Originally posted by normhead Dam, 31 ltd or 18-35 1.8 zoom, I hate it... just when I had everything under control, there is a tremor in the force. Someone do a 31 ltd and 18-35 zoom comparison...
I now own both and plan to do a bokeh comparison when I have time, like I did with the 35 f/1.4 Art and the FA 31. I'm already seeing something I really like though: a lot less longitudinal chromatic aberration ("bokeh fringing") which is the thing that bugs me the most about the FA 31 (in many cases visible even at normal viewing sizes). Still have yet to really see how it handles busy, high contrast backgrounds though. The 35 f/1.4 Art doesn't handle these too well IMO, but the 31 renders them as beautifully smooth as any lens I've seen.
Wide open sharpness is very comparable (with perhaps a very slight edge to the Sigma). Stopped down the difference is negligible. I don't have a controlled sharpness test, but as far as I'm concerned they both have the same sharpness, which is excellent. I'm sure PF will be doing a more controlled sharpness comparison between these two lenses.

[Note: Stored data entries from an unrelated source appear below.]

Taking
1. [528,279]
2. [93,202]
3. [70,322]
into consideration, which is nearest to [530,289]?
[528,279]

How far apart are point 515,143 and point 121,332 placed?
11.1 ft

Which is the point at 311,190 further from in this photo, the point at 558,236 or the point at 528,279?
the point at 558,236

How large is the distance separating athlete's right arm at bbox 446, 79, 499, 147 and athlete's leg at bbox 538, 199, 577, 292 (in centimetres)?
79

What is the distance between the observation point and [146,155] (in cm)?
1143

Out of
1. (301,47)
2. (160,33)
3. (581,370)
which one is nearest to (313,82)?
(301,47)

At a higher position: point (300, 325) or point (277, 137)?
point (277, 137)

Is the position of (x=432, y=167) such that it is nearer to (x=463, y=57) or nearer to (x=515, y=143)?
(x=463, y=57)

Yes, the Sigma is quite a big lens, much bigger than the 31. It was actually the length that surprised me the most as I need to reverse the hood while attached to my K-3 to get it to fit in my camera bag which otherwise comfortably fits every lens I own but the Tamron 70-200 f/2.8. It is very well balanced on the K-3 though. The balance point on that setup is at the back of the zoom ring (towards the mount), and there's plenty of comfortable space to hold. The size is well worth it IMO when you compare it to carrying and swapping between a FA 31 f/1.8, a 24 f/1.8 (which I don't have) and an 18 f/1.8 (which does not exist). Just the FA 31 and Sigma 24mm f/1.8 together are already heavier than the 18-35, not to mention over double the price bought new (though they are both FF lenses of course).

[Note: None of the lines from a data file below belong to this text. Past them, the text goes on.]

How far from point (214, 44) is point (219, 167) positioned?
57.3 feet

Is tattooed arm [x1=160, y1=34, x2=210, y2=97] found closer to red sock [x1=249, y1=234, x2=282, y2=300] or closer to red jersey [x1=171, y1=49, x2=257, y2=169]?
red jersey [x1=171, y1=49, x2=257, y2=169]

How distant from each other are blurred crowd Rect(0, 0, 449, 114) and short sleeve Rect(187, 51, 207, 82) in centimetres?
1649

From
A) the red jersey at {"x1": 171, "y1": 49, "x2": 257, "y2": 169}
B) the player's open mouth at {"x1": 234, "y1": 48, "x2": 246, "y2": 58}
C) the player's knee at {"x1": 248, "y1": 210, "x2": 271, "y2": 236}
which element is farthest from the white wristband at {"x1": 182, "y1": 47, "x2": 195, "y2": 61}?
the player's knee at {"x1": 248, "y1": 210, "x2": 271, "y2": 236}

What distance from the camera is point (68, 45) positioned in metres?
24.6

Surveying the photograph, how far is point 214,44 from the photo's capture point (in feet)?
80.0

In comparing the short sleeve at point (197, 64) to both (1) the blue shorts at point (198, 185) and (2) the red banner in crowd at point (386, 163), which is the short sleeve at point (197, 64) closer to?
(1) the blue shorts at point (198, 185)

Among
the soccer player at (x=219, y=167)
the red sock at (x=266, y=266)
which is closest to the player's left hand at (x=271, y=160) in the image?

Not really going to be part of my hiking setup (I have Micro 4/3 for that), but I already knew that from its size, focal range and weak flare resistance. That's not what I bought it for, though. I bought it for wide angle subject isolation, wide-field astrophotography/night landscapes, and general low light. From what I've seen so far, it's going to perform brilliantly for these applications.
No matter what, though, I'll be hanging on to the FA 31 in case a FF Pentax does finally come. It still renders bokeh like no other FF wide angle I've seen, including Leicas.